Fort Worth on the rails for energy prosperity

A. Lee Graham lgraham@bizpress.net

Fort Worth has a prime seat at the energy transportation table as oil production increases and shipping challenges intensify. That’s according to Bernard Weinstein, associate director of the Maguire Energy Institute at Southern Methodist University in Dallas. Speaking to a roomful of rail executives this month, Weinstein noted that BNSF Railway Co. and other locally based firms are enjoying a prime opportunity as the need to ship oil from wellhead to refinery rises. “Fortunately for you guys, we have a railroad system that pretty much parallels the pipeline system,” said Weinstein, speaking at the Nov. 10 meeting of the American Short Line and Regional Railroad Association, held at the Worthington Renaissance Fort Worth Hotel.

“More and more crude oil is moving by rail tank car. The United States is really the big kahuna when it comes to oil production,” Weinstein said. That is largely due to hydraulic fracturing, the process of shooting a mixture of pressurized water, chemicals and sand underground to break apart rock and release oil and natural gas. Hydraulic fracturing in the Barnett Shale, part of which lies below Fort Worth, and other shale plays helped the nation produce 251.3 million barrels of crude in April, according to the Energy Information Administration. That’s compared with just 150 million barrels per month in 2006, before hydraulic fracking tapped more shale deposits. “We have gone from energy scarcity to energy abundance in a decade, and it all began here in Fort Worth,” Weinstein said. “This is where the so-called shale revolution began.” With the Marcellus and Utica shale plays booming in northeastern states, Bakken production accelerating in the northwest, and Barnett and Eagle Ford activity ongoing in Texas, the challenge is to move the increasing volume of production to refineries. “We don’t have enough pipeline capacity,” said Weinstein, and trucking faces its own hurdles. A national driver shortage that was slightly more than 10,000 in 2012 now stands at 35,000 and is expected to reach more than 200,000 by 2023, according to the American Trucking Associations, an industry group. That’s due to an aging driver population that’s not being replaced by younger drivers and a mobile lifestyle that doesn’t appeal to everyone, Weinstein said. Combine those factors with aging roads often in need of repair, and rail seems to make more sense, Weinstein said.
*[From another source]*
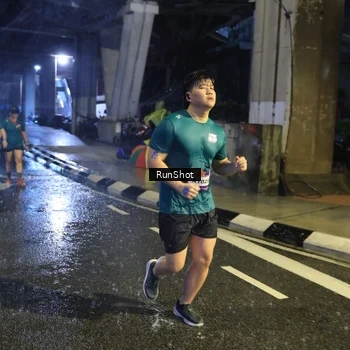 Runner Photo 7925362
Industry operators seem to agree. About 280 million barrels of oil moved over U.S. railroad tracks in 2013 compared with less than 50 million in 2011, according to the Association of American Railroads. In North Dakota, a state enjoying robust oil production, oil shipped by rail has totaled 1.2 million barrels a day so far this year, according to the North Dakota Pipeline Authority. Less than 1 million barrels a day was shipped by pipeline in the same period. With domestic oil production expected to increase significantly for at least the next four years, according to the International Energy Agency, the need to ship oil reliably, safely and efficiently from wellhead to refinery to consumer becomes clear. “Energy logistics is the biggest challenge facing the industry today,” Weinstein said. “The bottom line is we need more rail capacity.”